For the first time in his life, Gift Livingstone Sango is seeing a painting by his father depicting Jesus as a Black man.

"This art being brought back home is what we want, so that when we are long gone, he is already gone, he's already gone. What about my son, he doesn't even have son or a child, what about his children? What about the other artists who are coming from Mzilikazi Art Centre or all the arts centres we know, from Mbare from Mabvuku. We are saying they must learn what happens when education was very very little. Look at the paintings how bright they are, they are as bright as they were done 80 years ago," says Sango.

Sango's father went on to become an accomplished taxidermist working for the National Museum in Bulawayo, the second largest city in the country.

"The story must be brought back home, the heritage must be brought back home. That is really our story. We are hearing these sentiments that the government is saying they must be brought back. This will dry our tears," says Sango.

A photograph of Sango's father, Livingstone, as a young boy hangs next to the painting.

Overall, the paintings vividly depict tales of African folklore as well as Bible stories in an arresting intersection of African tradition, history and Christianity introduced by Western settlers.

And the artworks quickly won admirers, including Britain's King George VI, who visited the school in 1947.

A collection of the work created at Cyrene school between 1940 and 1947 was sent overseas to be shown in London, Paris and New York.

Many paintings were sold and helped to fund the school.

Later the paintings were stored in the basement of St. Michael's and All Angels Church in London and over time they were forgotten.

"This is a collection of lost Zimbabwean artworks from the 1940s from an Anglican Mission School in Cyrene, called the Cyrene Mission School," says Lisa Masterson, curator and director of art exhibition.

"It was opened and started by a visionary art teacher called Canon Ned Patterson. It is basically the first school in Zimbabwe (then colonial Rhodesia) to offer art as a compulsory subject to young Black students in the 1940s and Ned Patterson was a true believer that art could unite people. And that no matter what people saw in an artwork, it didn't matter what colour you were, or where you came from or what tribe you were from, art was a unifying factor."

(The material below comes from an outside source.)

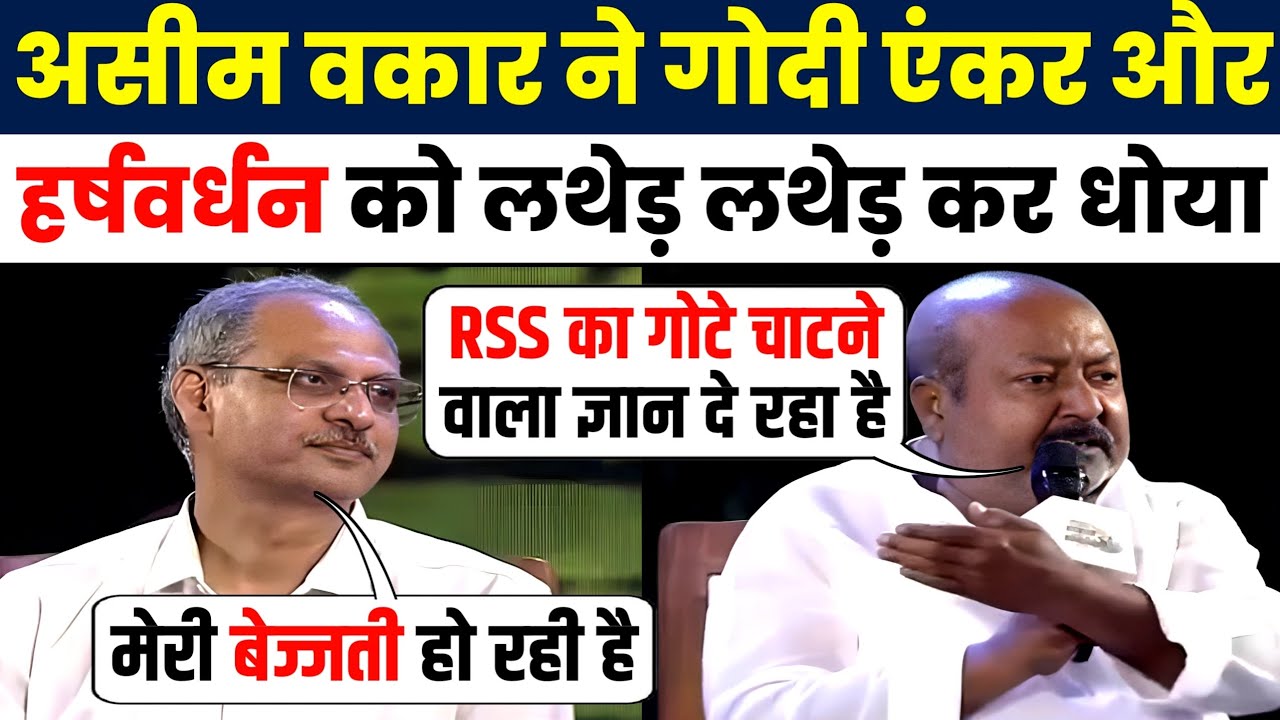 Asim Waqar Epic Destroys Harshwardhan Tripathi 😝| Asim Waqar Vs Godi Media | Godi Media Roast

The artworks were rediscovered by a Zimbabwean who recognised the name Cyrene on the boxes when the church was being deconsecrated, according to a press release by the organizers of the exhibition.

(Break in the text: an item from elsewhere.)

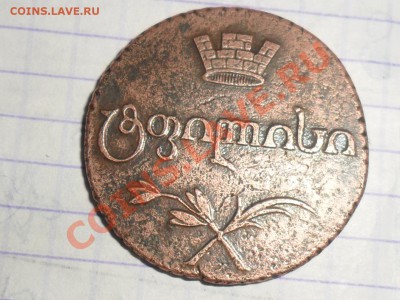 Монета Бисти 1805г. - SAM_5621.JPG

He brought the paintings to the attention of others who realized they'd stumbled across a treasure trove of art.

"The Stars are Bright" exhibition has returned the paintings to the country, where many Zimbabweans will see them for the first time.

Photographs of some of the artists as young boys are displayed alongside the paintings.

"It's a completion of my history as a Damasane to know the stories that my grandfather would tell through painting, through his artworks," says Nomashekawazi Damasane, granddaughter of one of the artists.

"It's also very important for me as an artist, as a creative, to know that our artwork is coming back home, because it allows for people to know that it did not just start now. People started doing art way back. So it's really important and I'm very pleased and grateful that this artwork is coming back where it belongs, to the people that it belongs to, and us the third and fourth generation of these amazing artists can actually see what our forefathers did before we were born.''

Many students from Cyrene school went on to become artists, teachers and professionals, despite the restrictions of white-minority-ruled Rhodesia.

In 2020, "The Stars Are Bright" exhibition showcased the works at the Theatre Courtyard Gallery in London.

Now, the full exhibit has come back home to acclaim.

Coming amid growing calls for the repatriation of African art to the continent, some say the Cyrene paintings should return to Zimbabwe permanently.

The organisers say they are negotiating with the Curtain Foundation, owners of the collection, for the permanent repatriation of the works.

The exhibition will be on until late October.